The move to PDF was a regression in most aspects save portability/consistency (math display in most hypertext types is still not properly standardized & implemented in renderers).

However, I think it should be *exclusively* hypertext. Not Javascript/arbitrary-code nonsense (we should not be facilitating information as attack tools).

@tomkalei @zuphilip Having a supplementary computational notebook attached/accompanying the hypertext paper would be an adequate compromise if interaction & interactive recomputation are desirable.
@tomkalei Probably submissions would then not be any HTML website, but ones following a predefined template or more common some Markdown file from where the HTML can be generated. ArXiv is generating the HTML files from the LaTeX files.
@tomkalei TBH I've wondered if half of the problems with reading pdfs on mobile could be solved just by setting the page size to A5 and sticking to single column. If you want to print it does 2 to a side easily and it's way more legible on a screen.
@tomkalei this is great news! They should always degrade gracefully to html

@tomkalei @brembs @lambo

Interesting!
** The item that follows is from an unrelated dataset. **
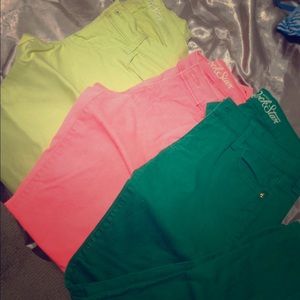 Three pairs of Rockstar skinny colored denim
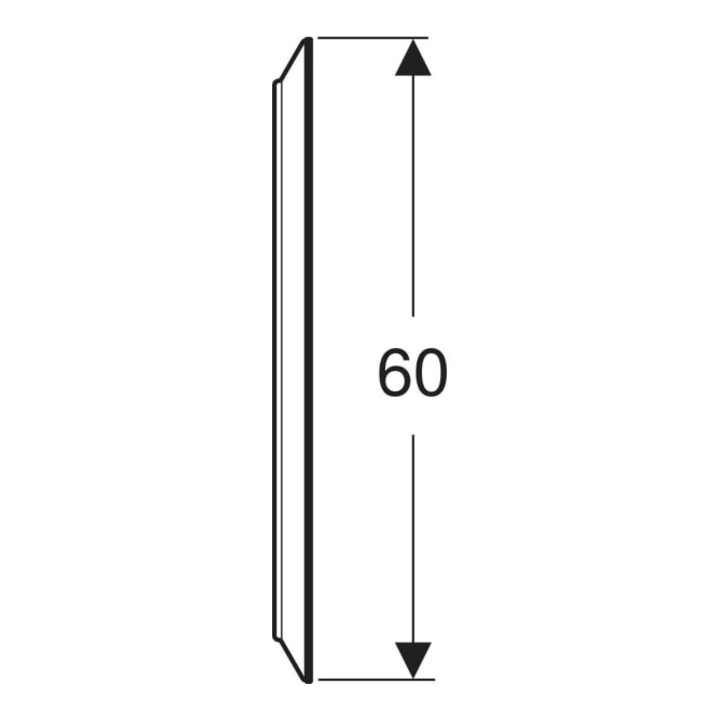 Geberit Miroir lumineux Option Round d= 60 cm, éclairage direct/indirect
Something like this already exists with ar5iv: take the link for any arXiv paper (older than a few months), change "arxiv.org" to "ar5iv.org" and get an HTML5 version. It's not perfect but I've found useful enough for reading stuff on my phone. e.g.

https://ar5iv.org/abs/2109.12132

My background is astronomy, where the publishers will probably limit PDF content to traditional things for some time yet.

Detecting Biosignatures in the Atmospheres of Gas Dwarf Planets with the James Webb Space Telescope

Exoplanets with radii between those of Earth and Neptune have stronger surface gravity than Earth, and can retain a sizable hydrogen-dominated atmosphere. In contrast to gas giant planets, we call these planets gas dwa…

ar5iv
@tomkalei @brembs @lambo GENIUS and IT'S ABOUT TIME. All things everywhere need to do this.
Exciting news for this blind scientist!

@tomkalei @brembs @lambo

HTML is of course preferable to PDF for many reasons, as long as the papers print well. Interactive reading is best done on paper with pen in hand.

@tomkalei @brembs @lambo And HTML, unlike PDF, would also allow folks to print papers any way they want.